The Final Farewell
Arriving in Missoula is a homecoming for me. I left Missoula in 1998, chucking in my ancestral and spiritual home for another ancestral-spiritual home of Scotland, thus, migrating in reverse the journey my ancestors had taken from the Old World across North America to the West.
Our rental house overlooks the banks of the Clark Fork River below Mount Sentinel just east of Missoula. The setting couldn’t be more fitting for our family, whose love of the mountains Dad instilled in us. He would have loved this spot; he would have jumped out of the car the second we pulled up and bee-lined for the water’s edge, fishing pole clutched firmly in hand.
To celebrate our arrival, I invited several of my closest and longtime friends for a BBQ at our rental house. My birth family and my family of friends finally meet.
I remember first moving to Montana in 1982. Dad and Grandpa drove me across the country to Missoula to college. After I got settled in the dorm, Grandpa said, “I want to show you something.” He drove Dad and I up the Bitterroot Valley to the Florence-Carlton Church. The last time Grandpa had been there was as a boy of 14 or so to attend his grandfather’s funeral in 1920. Sixty-two years later he had remembered where the place was.
“These are my grandparents and their two sons,” he said, pointing to the graves behind the tiny church (recently added to the National Register of Historic Places). I stared slack-jawed; I had no idea I had Montana roots until that day. My great-great uncle (d. 1880) was one of the first graves in that cemetery.

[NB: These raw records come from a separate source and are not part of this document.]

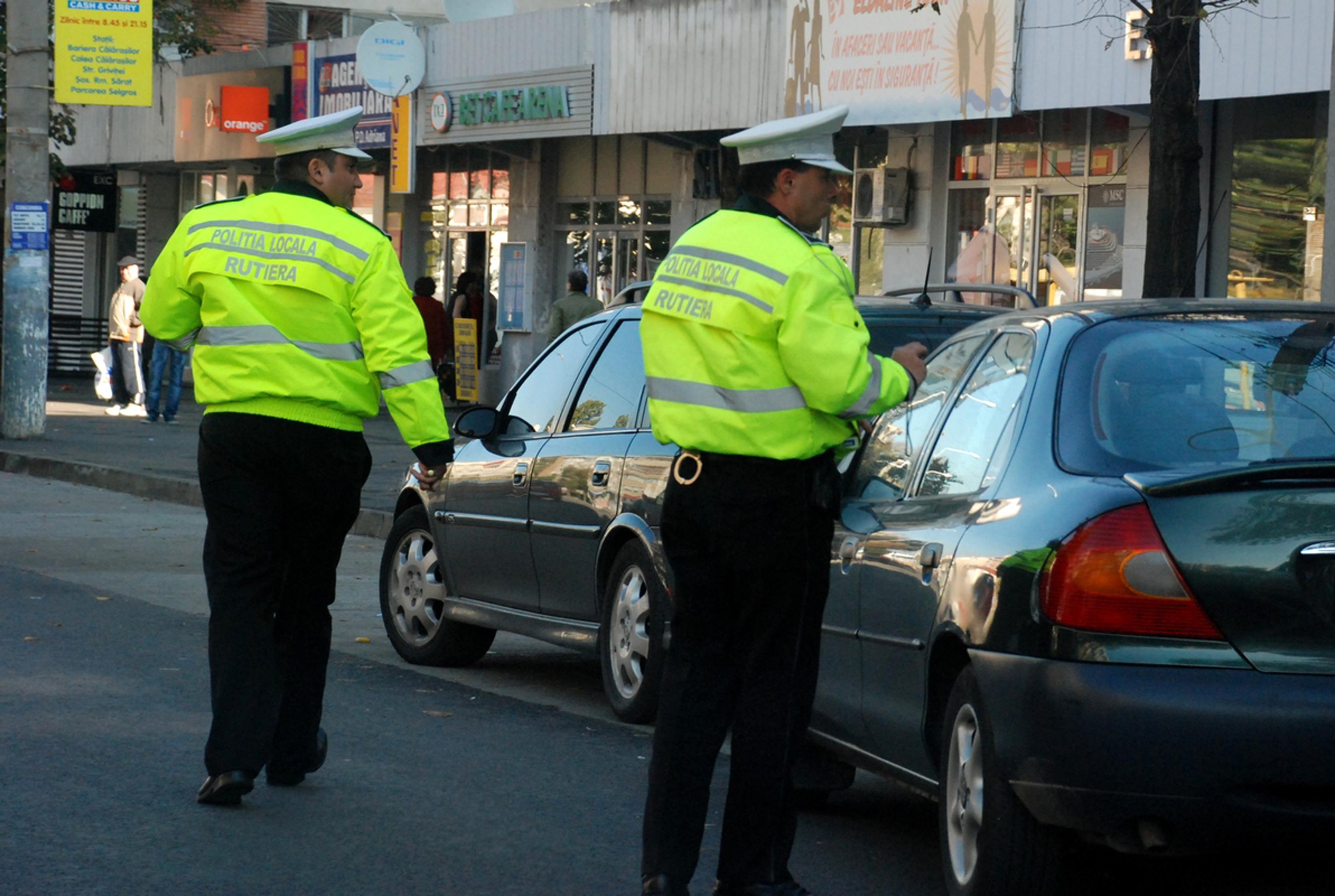 Amendă mare pentru persoanele care nu se legitimează &icirc;n fața polițiștilor sau jandarmilor. Legea a fost promulgată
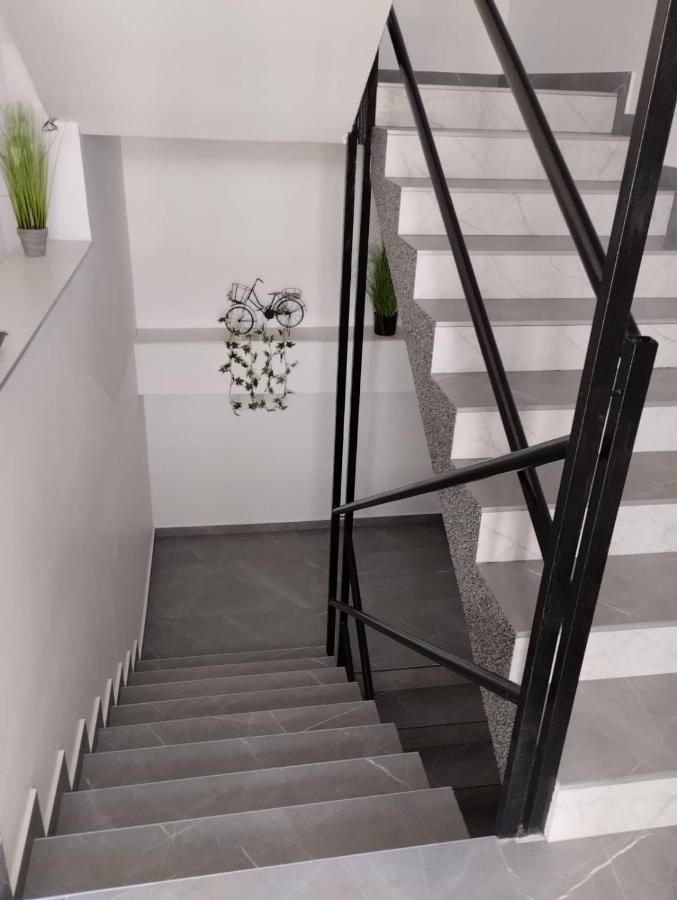 Apartman Zagreb , With Balcony And Free Parking Bagian luar foto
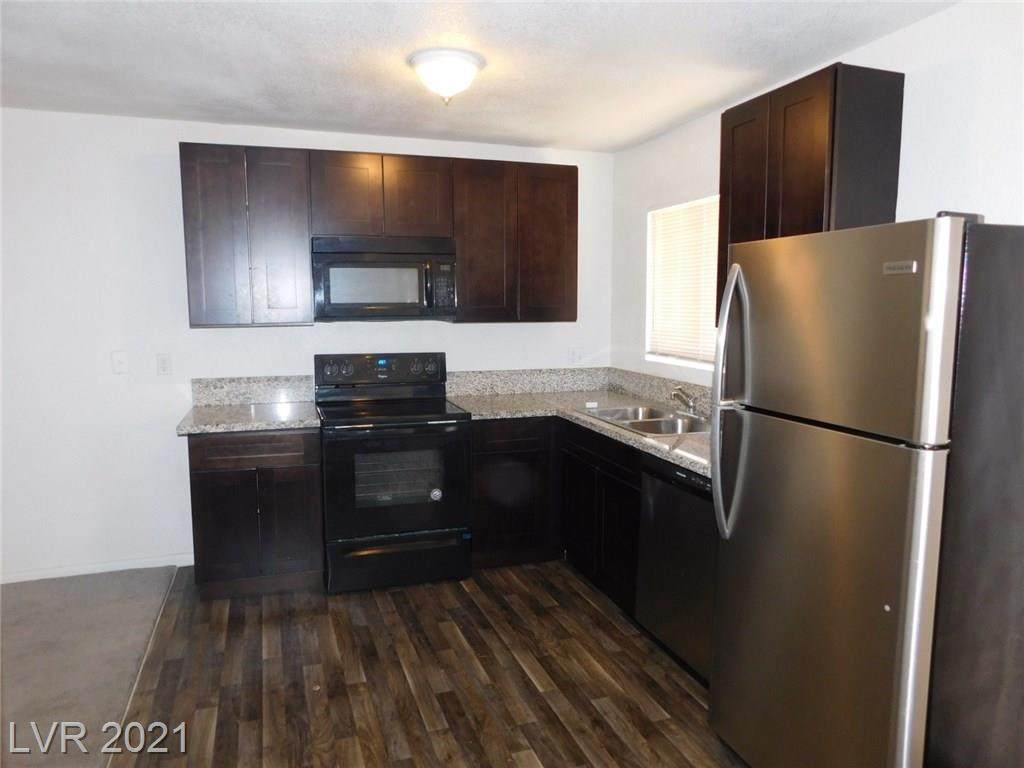 5237 Greene Lane - Photo 1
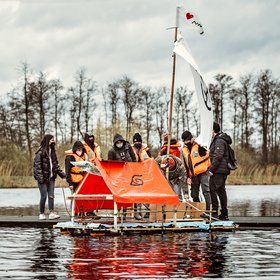 Jugendliche mit Floß auf einem See. Klimaprojekt der Kunstschule Oldenburg. Foto: Izabela Mittwollen
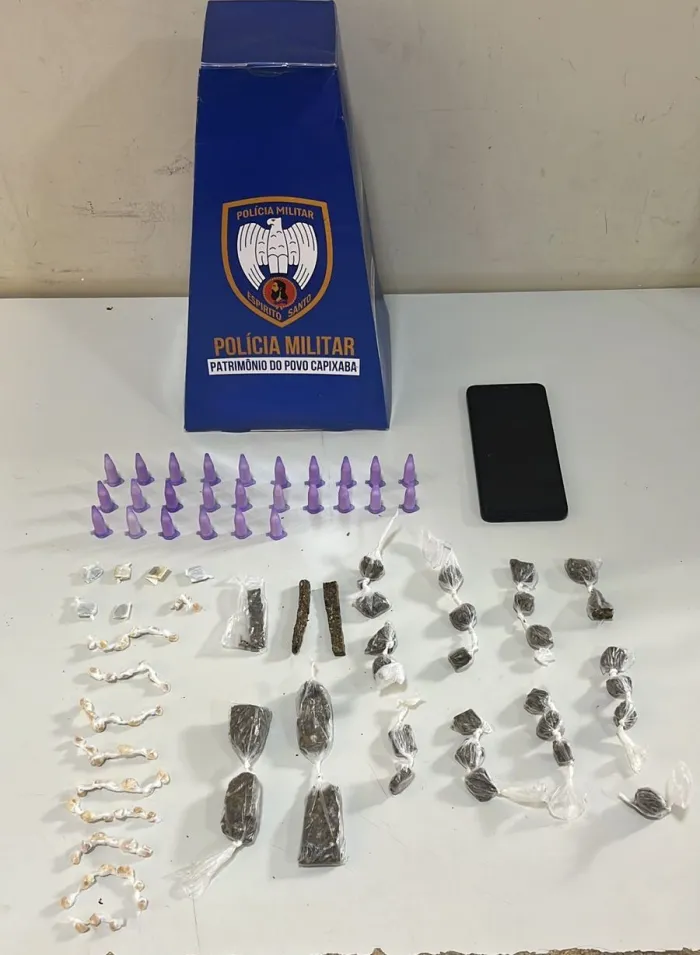 Polícia Militar cumpre mandado e realiza apreensões de drogas em Guarapari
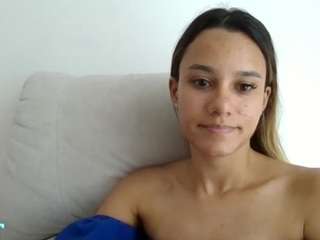 kelayabrunette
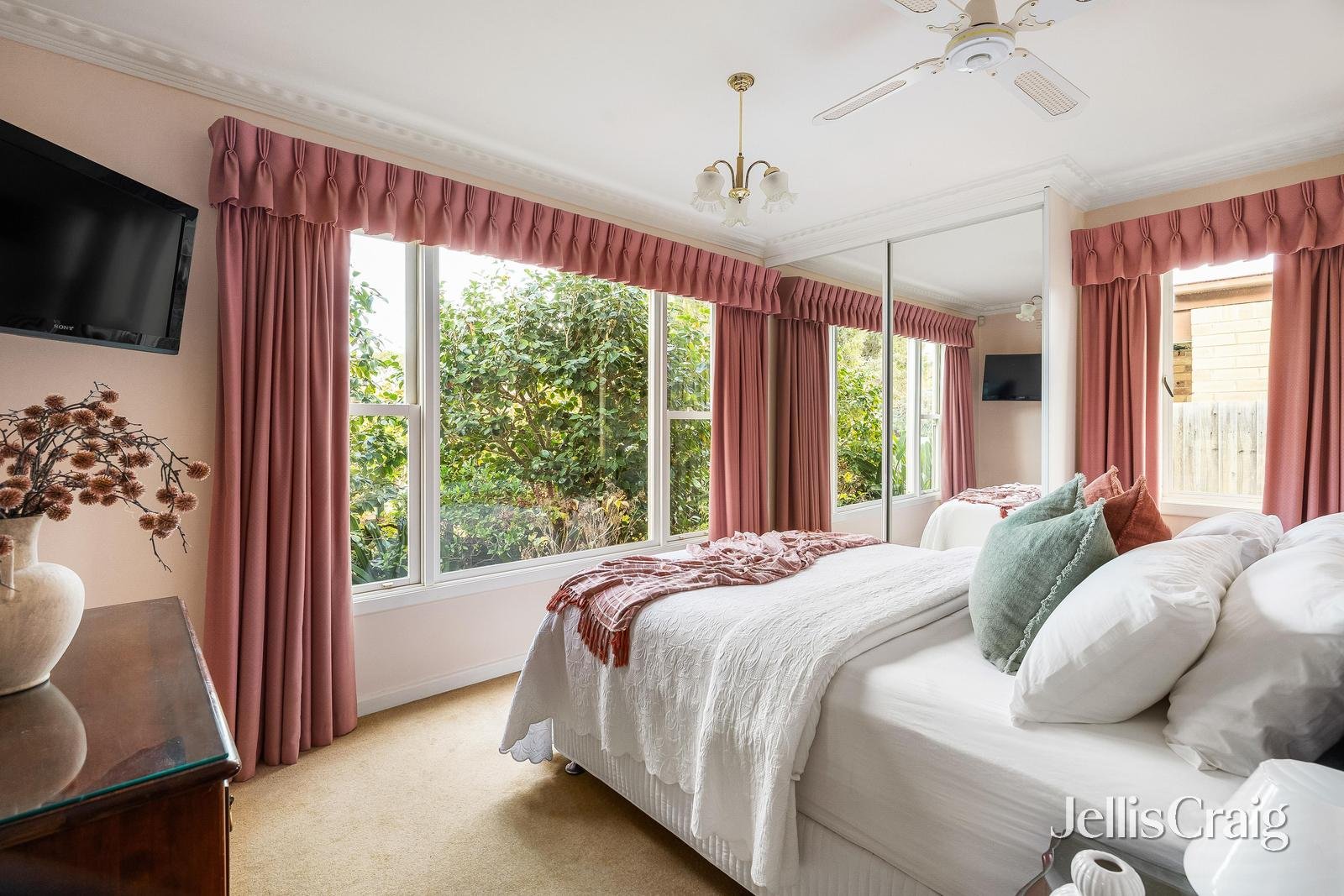 19 Catherine Road, Bentleigh&nbsp;East image 9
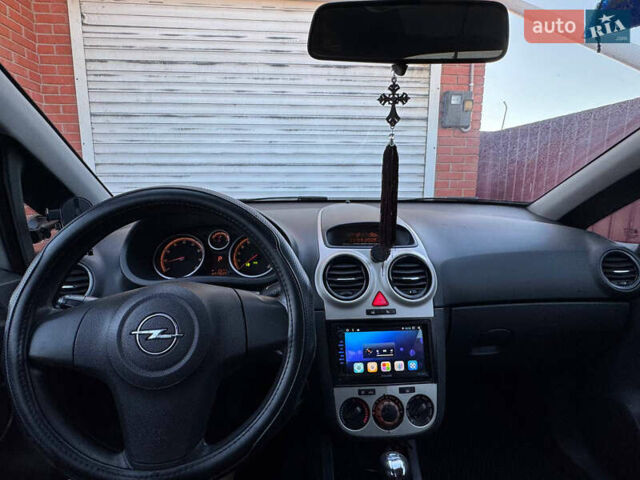 Сірий Опель Корса, об'ємом двигуна 1.36 л та пробігом 208 тис. км за 5200 $, фото 6 на Automoto.ua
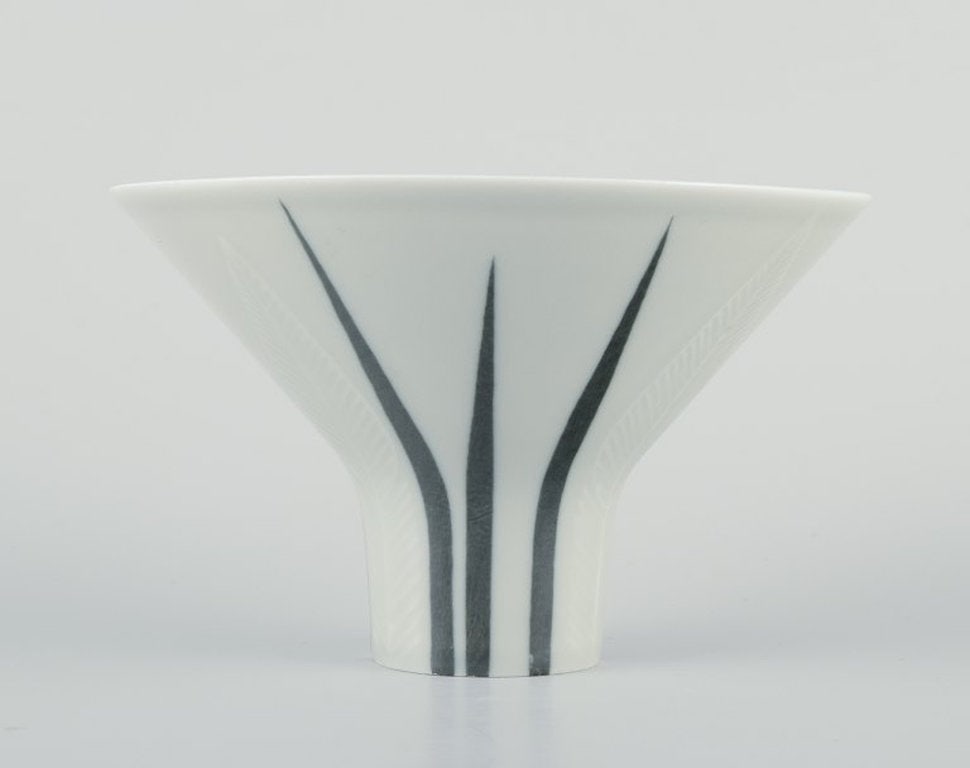 Rorstrand, Sweden. Modernist 'Lancett' porcelain vase. Mid-20th century. - 2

Unpacking Dad from his place in the console of the van, we carry his ashes to his ancestors’ burial sites. Dad has ridden with us all the way from his final home in Indiana to his resting place in the mountains. We scatter more of him among his great-grandparents’ graves. Dad first brought me to Montana, and now I am bringing him back for the last time.
The next day we scatter more of him in the Clark Fork River below the mountains. We also scatter a small jar of his friend and fishing buddy, Herbie, who died a year earlier. The river carries their ashes together downstream.
As we pack our things to return home on Monday morning, we see a bald eagle flying downriver—Dad’s favorite bird—and we know he has arrived Home again.
I love this and the sense of closure I get from reading it – Rev died on my birthday which kind of upset me at the time – but since then I have learned to accept that as a kind of gift because it forces me to remember him and all the wisdom and fun he shared with all of us growing up. All the life lessons he advocated and embodied: never take yourself too seriously and don’t be afraid to laugh at yourself; none of us is perfect and while it may be important to strive for it, perfection is so far out of our reach we might as well try reaching for the sun (I found out a few years after he imparted that bit of wisdom that he actually was saying “the Son”!); and his devotion to his family really spoke to me about the nature of faithfulness even in the face of trial and hardship. He was one of few adults I found I could trust during my teenage years of rebellion and upheaval and I will never forget that about him!
Thanks for the kind words about Dad. We Snyder kids suffered a little because he was always busy with other people, so didn’t have a lot of time for us. But the way I look at it is we all turned out okay and maybe others needed him more than we did. So glad we had the chance to share–even if it wasn’t really our choice at the time.